BEGIN

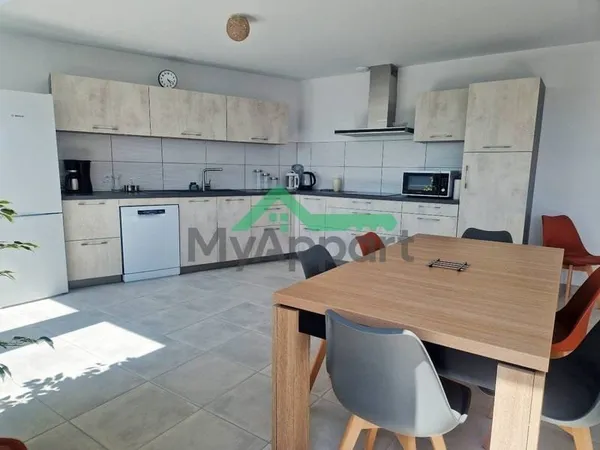 Appartement 3 pièces 105 m²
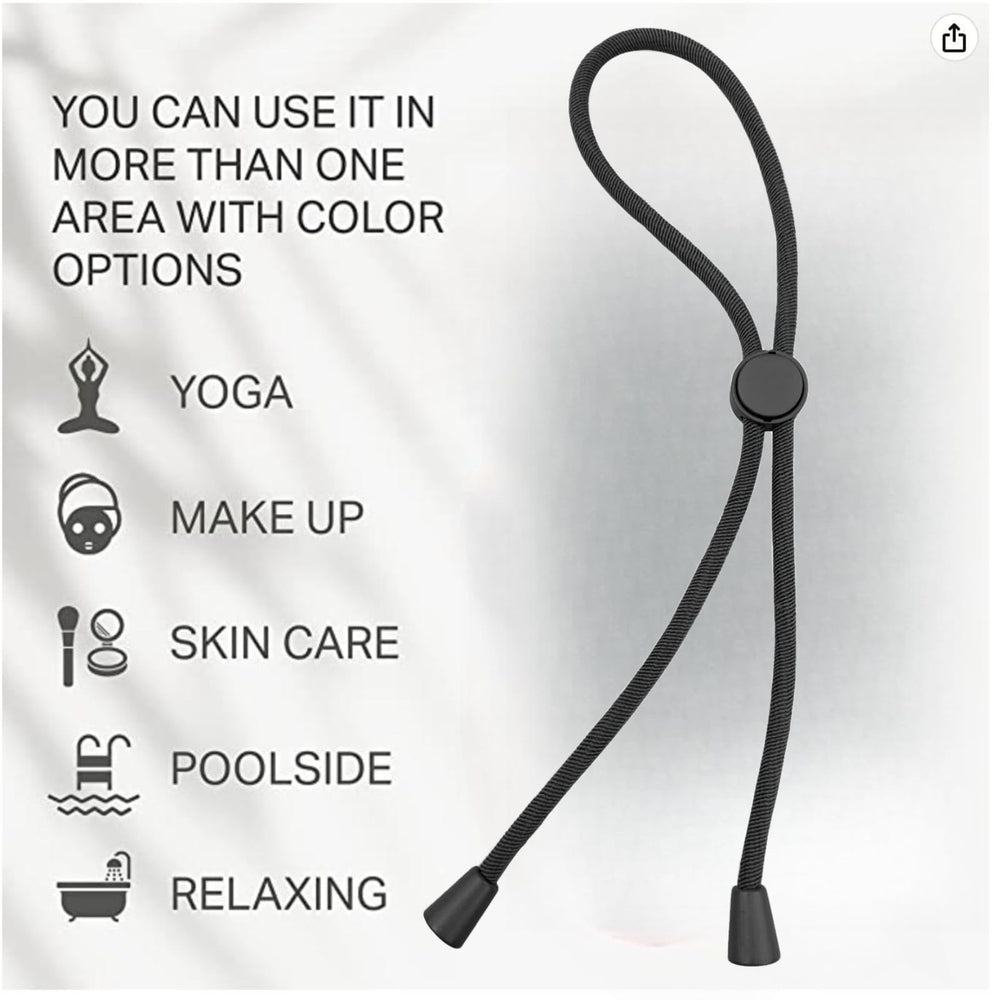 GJRR length comparison showing cord scale and trimming option for fit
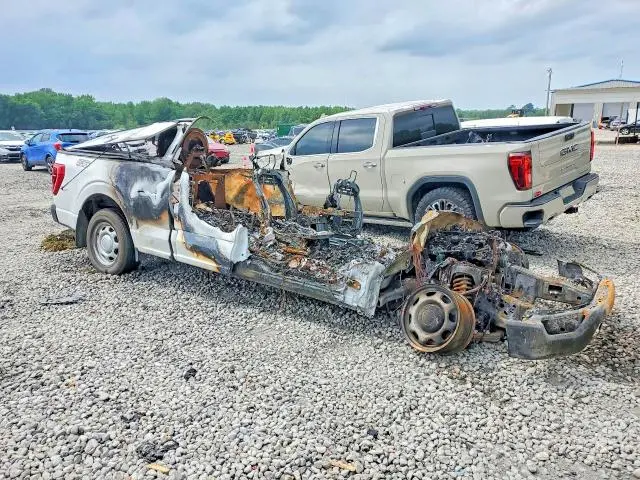 2023 FORD F150 SUPER CAB  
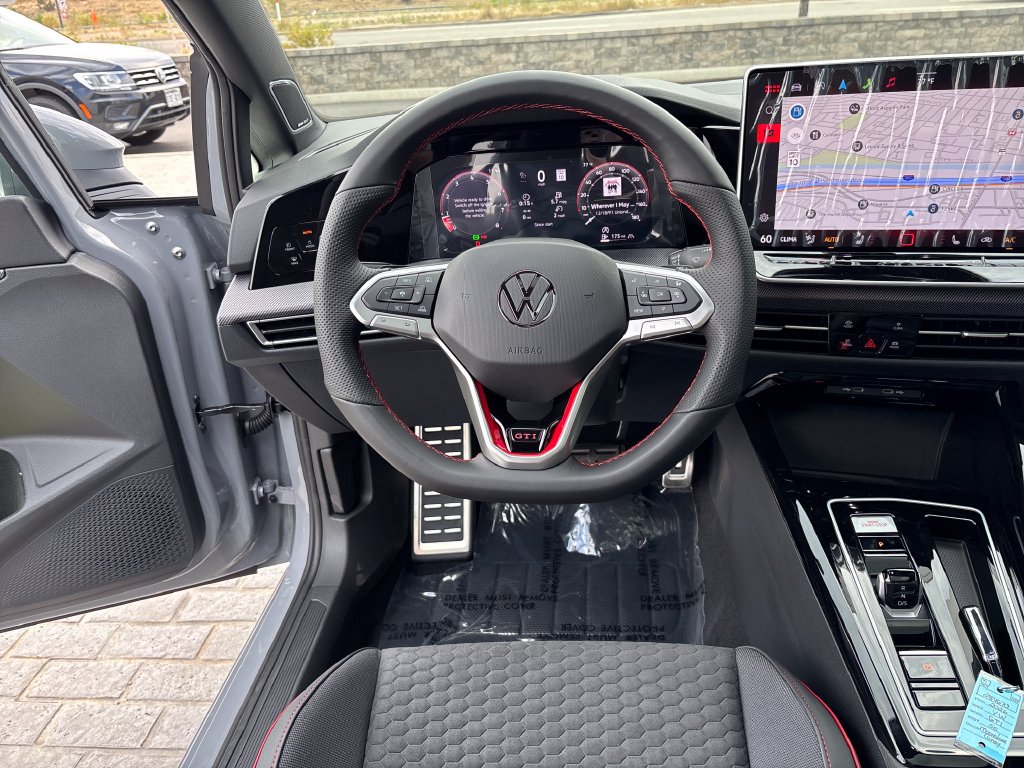 New 2026 Volkswagen GTI SE FWD image 21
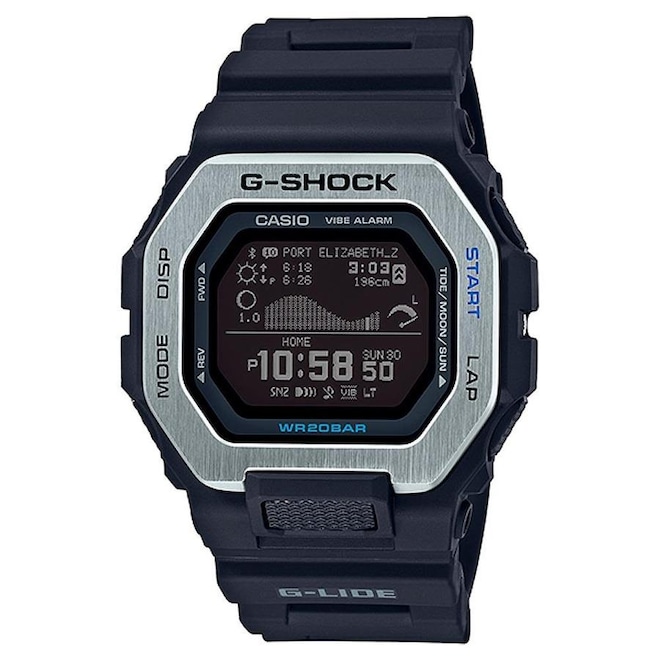 Relógio Digital G-Shock Gbx-100-1Dr - Unissex - Foto 1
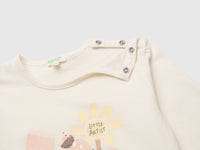 T-shirt com estampa em algodão orgânico - ucb_image_DS1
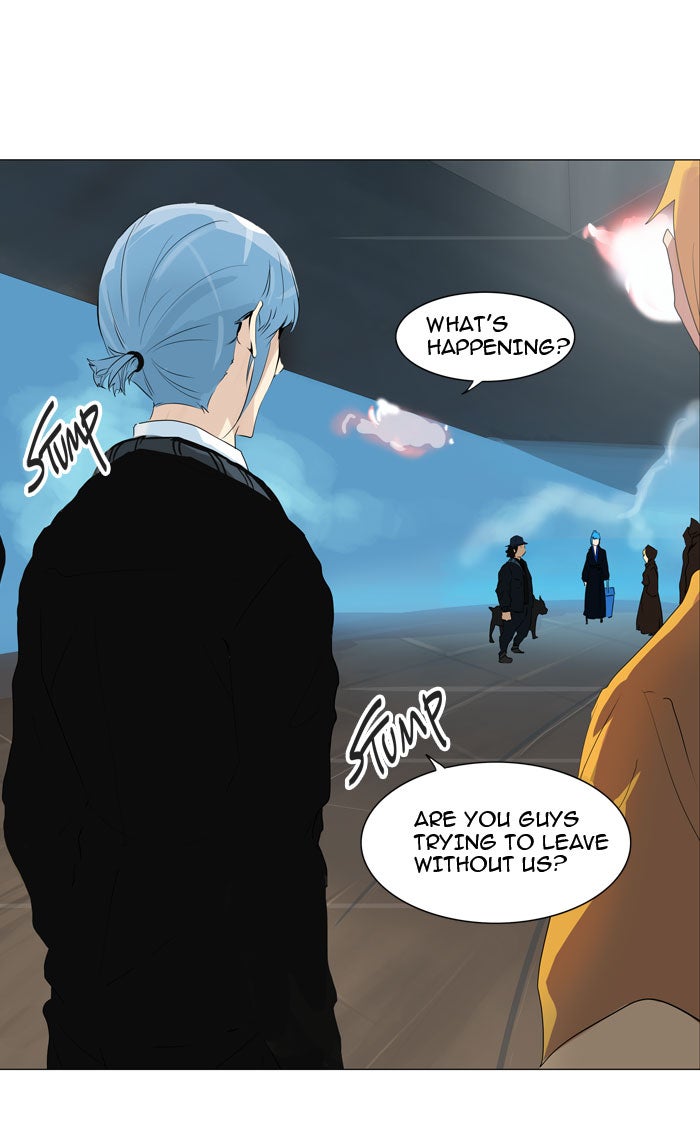 Tower of God Manga Chapter 223 page 1 - [Season 2] Ep. 143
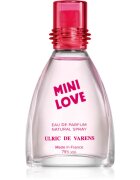 Ulric de Varens Mini Love Eau de Parfum pentru femei 25 ml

END

- Task description
From the first line to the last, reproduce the records above exactly and skip the pictures.

- The completed task
 Appartement 3 pièces 105 m²
 GJRR length comparison showing cord scale and trimming option for fit
 2023 FORD F150 SUPER CAB  
 New 2026 Volkswagen GTI SE FWD image 21
 Relógio Digital G-Shock Gbx-100-1Dr - Unissex - Foto 1
 T-shirt com estampa em algodão orgânico - ucb_image_DS1
 Tower of God Manga Chapter 223 page 1 - [Season 2] Ep. 143
 Ulric de Varens Mini Love Eau de Parfum pentru femei 25 ml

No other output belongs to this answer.